WHAT YOU HAVE TO DO: Word for word, print out all of the data, omitting every image.

DATA PROVIDED:
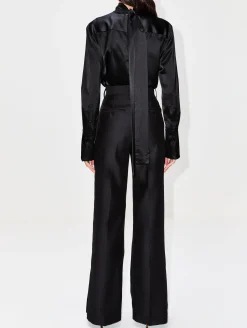 Nova Trouser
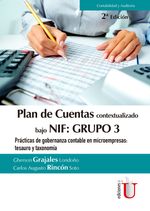 plan-de-cuentas-contextualizado-bajo-NIF-grupo-3-9789587626537-ediu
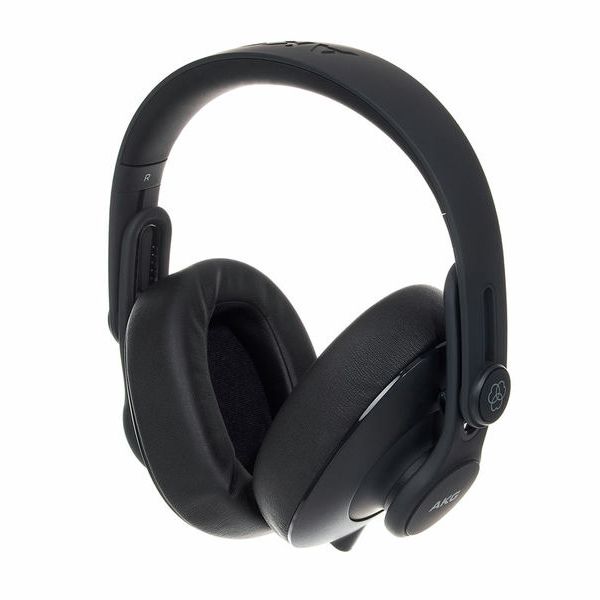 AKG K 361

EXERCISE RESPONSE:
 Nova Trouser
 plan-de-cuentas-contextualizado-bajo-NIF-grupo-3-9789587626537-ediu
 AKG K 361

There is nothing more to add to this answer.